Robustness analysis: the fundamentals

Up until 2008, the global economy was humming along on what seemed like smooth sailing, doing a nice twenty knots on clear waters, with only an occasional radio message saying there were icebergs up ahead. Surely none of that was anything to be worried about: this new economy was well-designed, after all. Redundant and unnecessary checks had been removed but, in order for the economy to be robust, the engineers of the economy had made sure that at least two whole compartments could be flooded before anything really nasty would happen.

Sound familiar?

What the engineers of the economy had done, as the engineers of another magnificent, and equally doomed, new vessel before them, was a robustness analysis – but a faulty one (either that, or they hadn’t followed their own advice afterward). When the proverbial excraments did hit the proverbial fan, another robustness analysis was in order. The one they did on the first vessel led them to abandon ship. The one they did on the second vessel led to drastic course corrections, at least in some countries.

The country I live in, Canada, analysed the economy and, from mid 2008 onward, told us that “the fundamentals of the Canadian economy are strong”. Unlike other economies, the “redundant and unnecessary” compartimentization and checks had not been removed in the Canadian model and while that meant that our particular boat was a it slower than the “big one down South”, it also meant it was still afloat. We would batton down the hatches, make the necessary changes and weather the storm.

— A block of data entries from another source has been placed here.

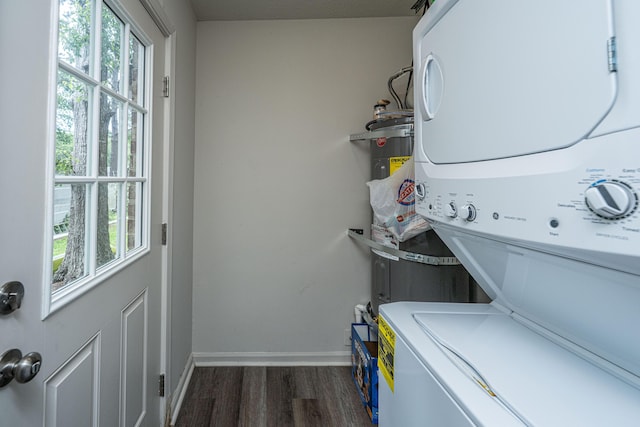 306 Crestview Dr Unit C, Summerville, SC 29485 - laundry room with stacked washer and clothes dryer, dark wood-style flooring, healthy amount of natural light, and baseboards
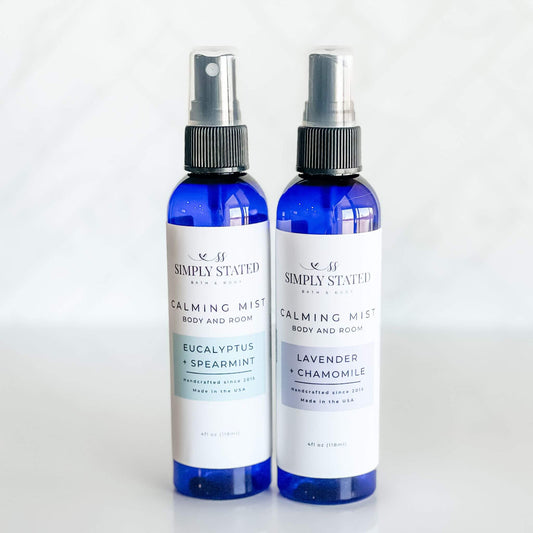 Simply Stated Bath & Body Calming Mist duo featuring Eucalyptus + Spearmint and Lavender + Chamomile. Body and room sprays crafted with essential oils to refresh, relax, and soothe. Presented in sleek 4oz blue bullet bottles.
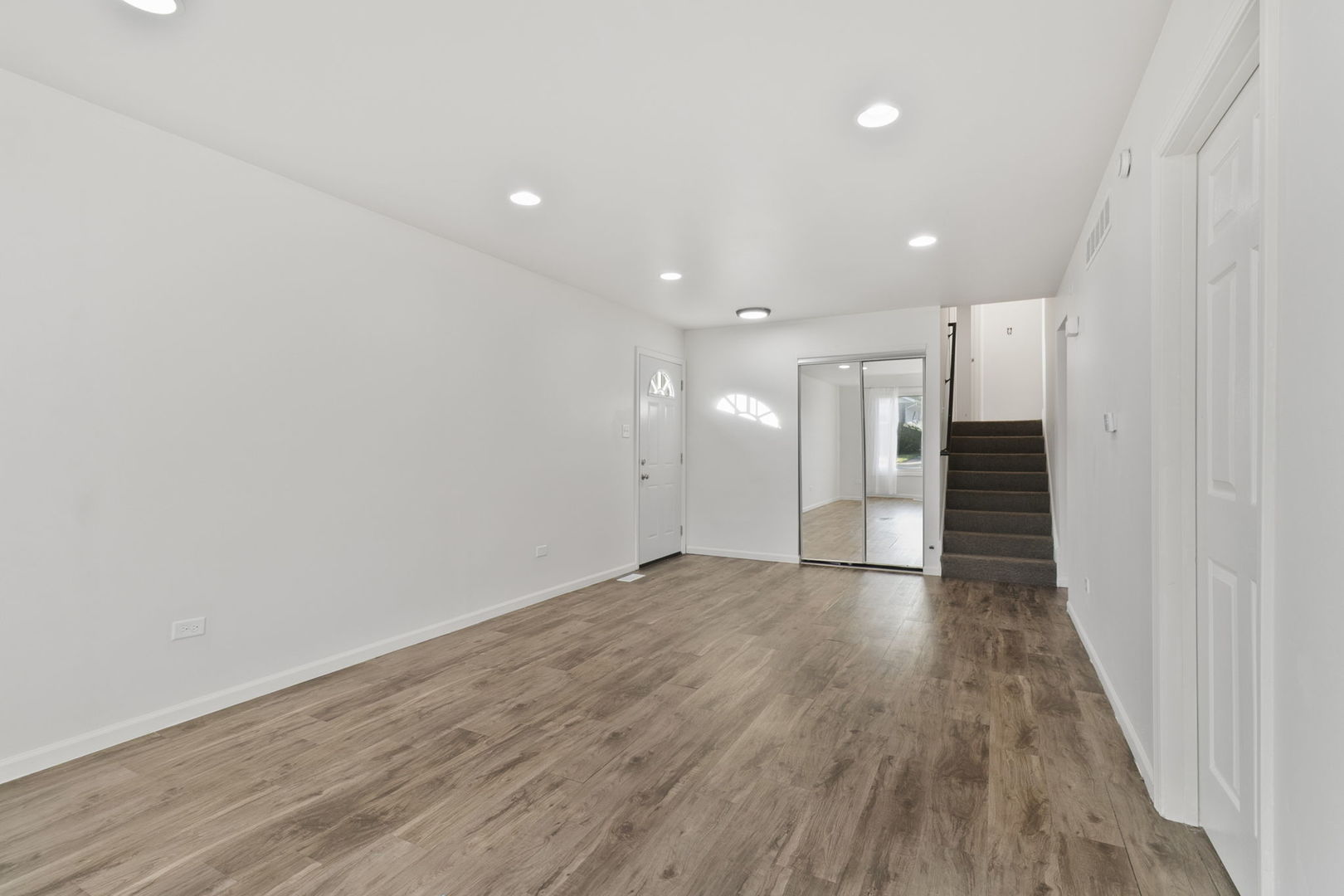 2236 West 157th Place Markham, IL 60426 - Photo 7 of 14 a view of an empty room with wooden floor and a window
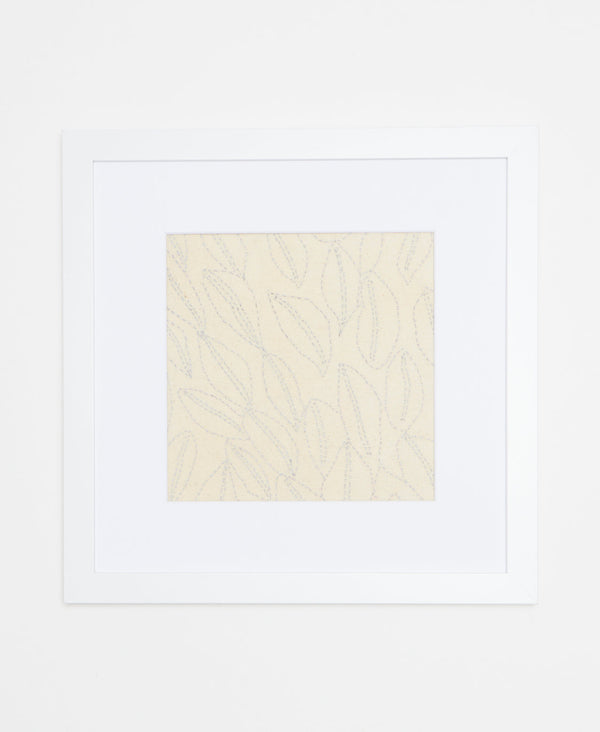 Handcrafted artisan-made textile art featuring light blue sitching that forms a leaf pattern 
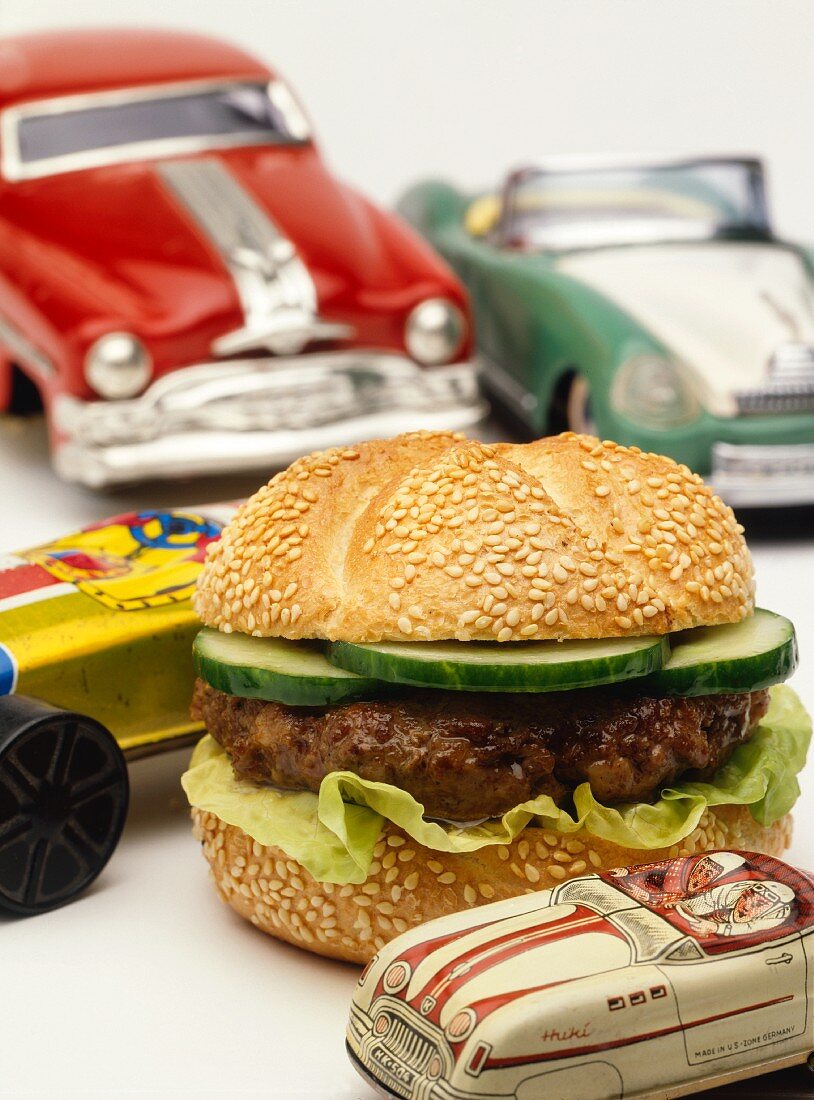 A hamburger, decoration: American toy cars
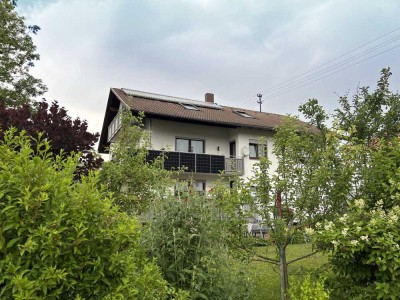 Vermietete 4 Zimmer-Eigentumswohnung mit Balkon + Garage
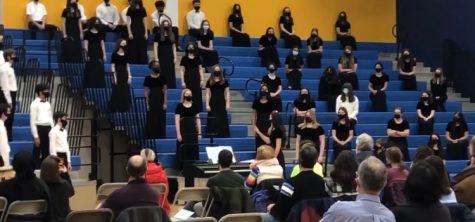 Vocalists stand six feet apart on the Middle School Gym bleachers in order to safely sing in Winter Concert 2021.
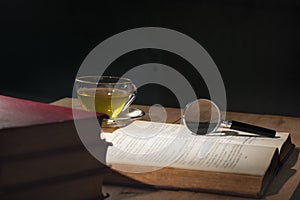 Magnifying glass on open old book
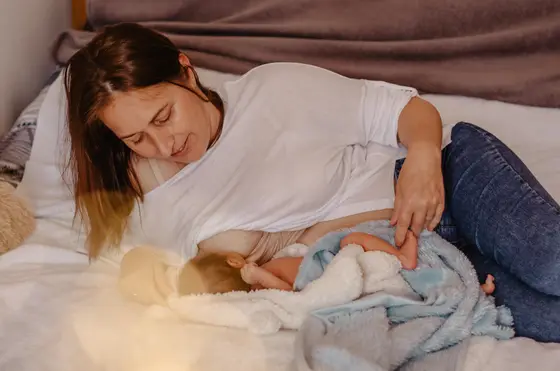 Mother tenderly cuddling newborn on bed during newborn photography Tenerife session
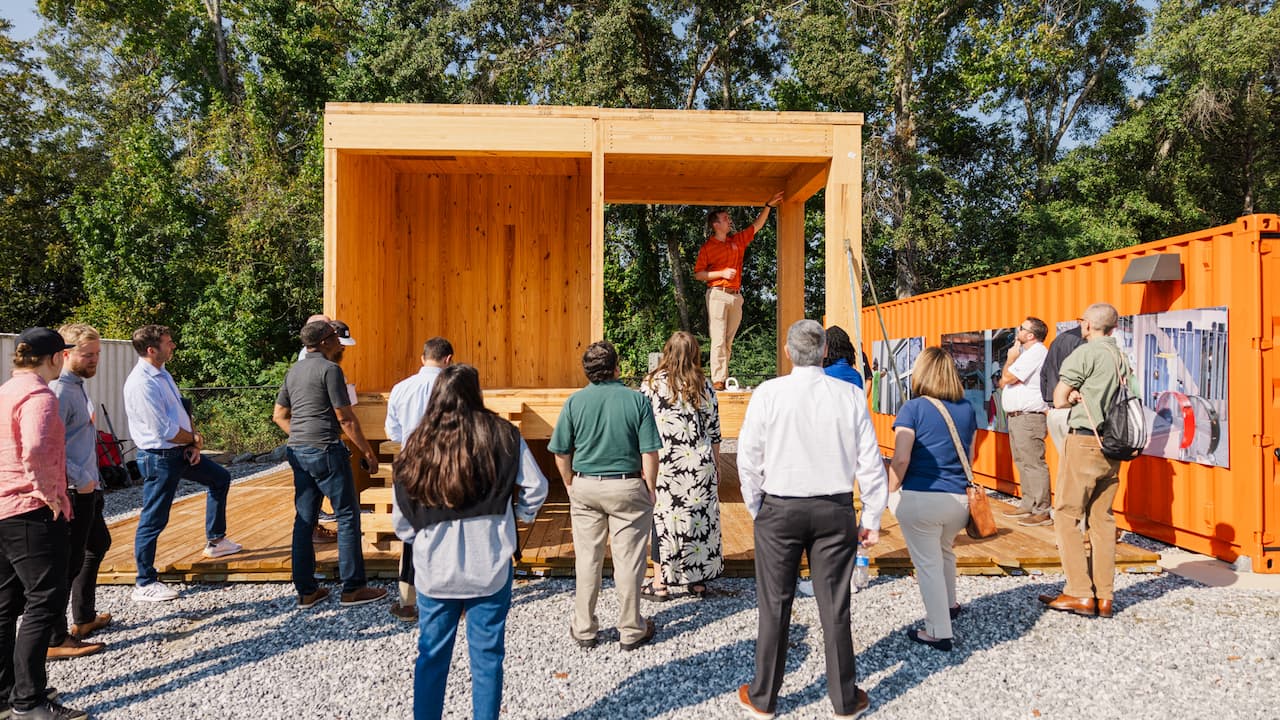man explaining a wood structure to an audience
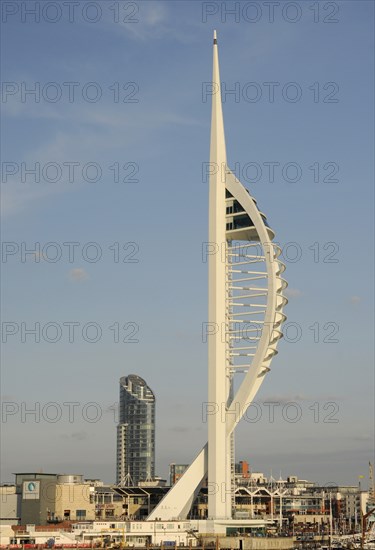 England, Hampshire, Portsmouth, Spinnaker Tower and Gunwharf Quay shopping center seen from the harbour. Photo : Bob Battersby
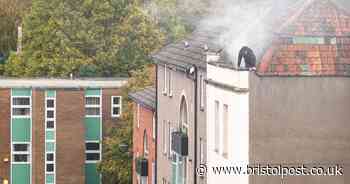 Man in burning building 'climbed out of window on to roof'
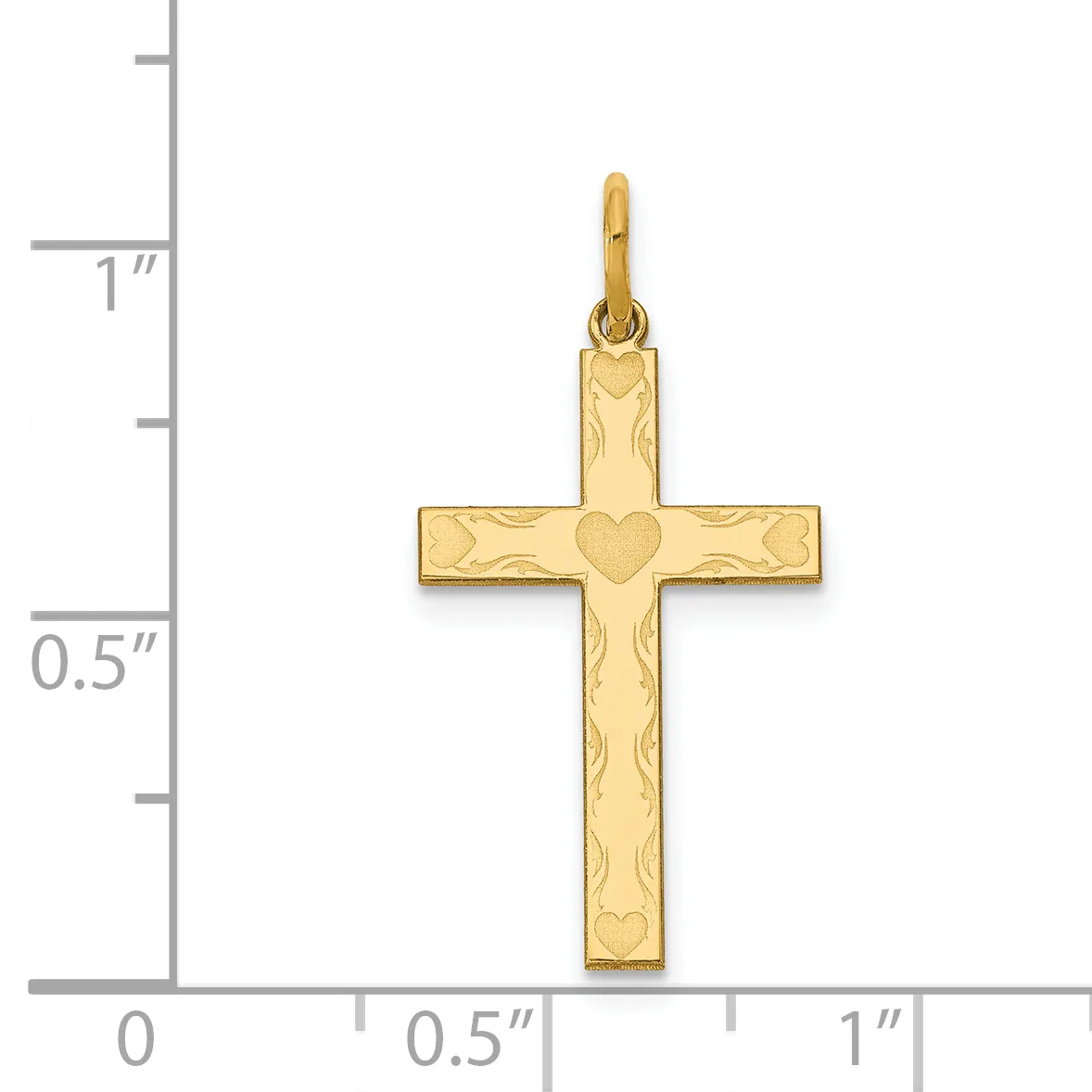 Gold cross pendant with heart motif at center and decorative scrollwork pattern, shown next to ruler indicating approximately one inch in height.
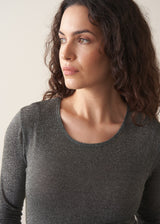 Woman wearing a grey metallic long-sleeve top and dark jeans against a beige background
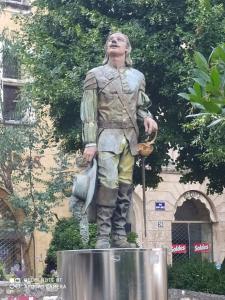 a statue of a man standing in front of a building at Appartement de charme en plein coeur de Bergerac in Bergerac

In similar situations, a real-time embedded system running 24/7 without human intervention can’t fall back on a new analysis: it has to be right the first time. The result of the a faulty robustness analysis (whatever they may have called it, and however explicitly it may or may not have been done), in the case of the Titanic cost the lives of over 1,500 people. In the case of the economy, it cost a sizeable chunk of cash and a lot of hardship. The result of a faulty robustness analysis in a 24/7 RTE system depends on the role of the system and on the problem it encounters, but can range from inconvenience to loss of life.

Robustness analysis does not have to be an expensive, lengthy exercise: in some cases, it is a simple matter of briefly looking at the project. Those cases are usually the bad ones, though: a serious large-scale project that is well-defined usually takes a while to analyse. So let’s take a look into how a behavioral analysis of a large-scale 24/7 embedded system and the process to devise that system, with an emphasis on the robustness of the final product, can be made “short and sweet”.

Fundamentally, a project outcome is determined by the people working on the project, and how they do their job. To find out how they do their job, you can look at a few things:

What are the analysis and development processes?
How mindful are developers of robustness issues?
What are the high-level deliverables for the project?
How are common robustness issues addressed in system development?

The robustness of the project is a factor of the process through which the project is developed and the people developing it. If all the proper checks and balances (design reviews, code reviews, etc.) are in place, the robustness of the project’s deliverables becomes a question of the mindfulness of the people working on the project and the measure in which the processes in place help them to transform that mindfulness into activity.

For example: if on a project committing a modification to the code requires review of that modification by a peer, but neither of the two peers (developer and reviewer) are mindful of robustness, any problem related to robustness is far less likely to be detected – and for more likely to be present – than if there is no review, but the developer is mindful of potential robustness problems.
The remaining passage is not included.